- **Your goal**:
In your copy, set down the entries exactly and exclude the pictures.

- **The data**:

══════════════════════════════

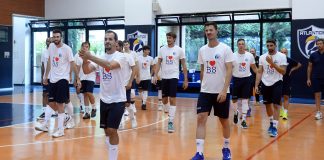 Consoli: ottime sensazioni dopo il primo test match a Reggio
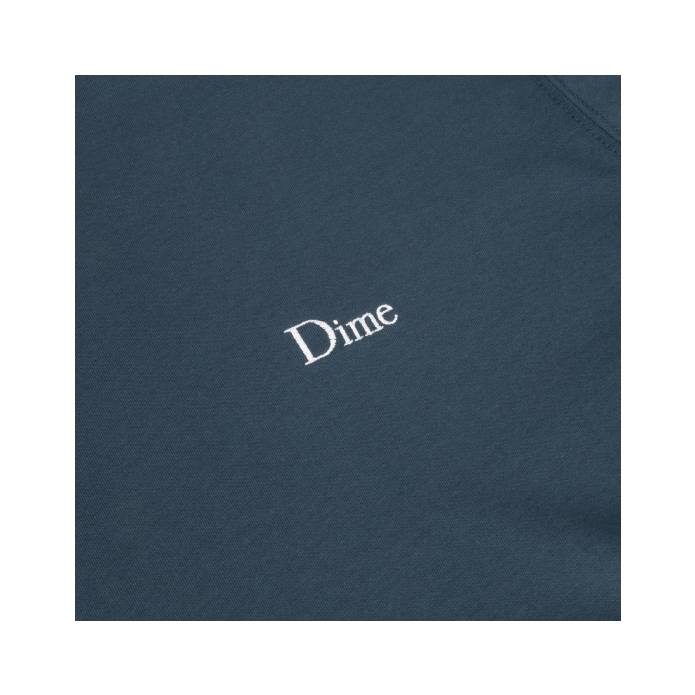Classic Small Logo T-Shirt (Navy)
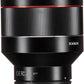 AF 85Mm F1.4 Auto Focus Lens for Sony E Full Frame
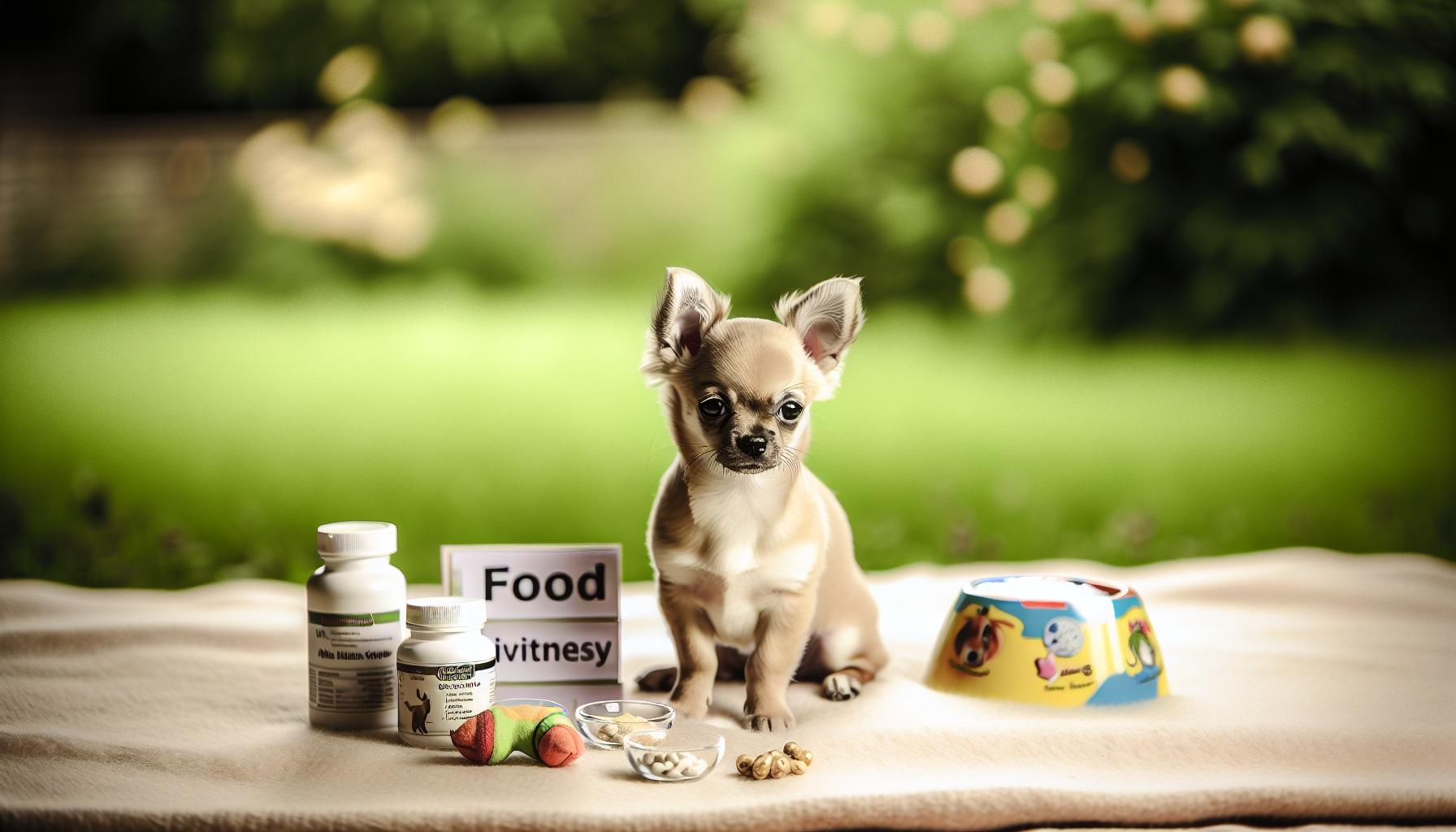 Key Health Considerations for Chihuahua Puppies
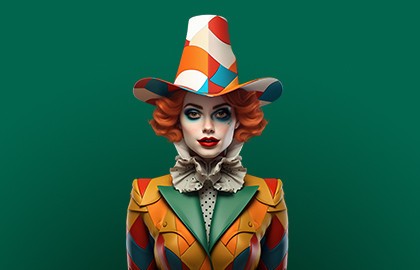 Алиса в стране чудес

══════════════════════════════

- **The answer**:
 Consoli: ottime sensazioni dopo il primo test match a Reggio
Classic Small Logo T-Shirt (Navy)
 AF 85Mm F1.4 Auto Focus Lens for Sony E Full Frame
 Key Health Considerations for Chihuahua Puppies
 Алиса в стране чудес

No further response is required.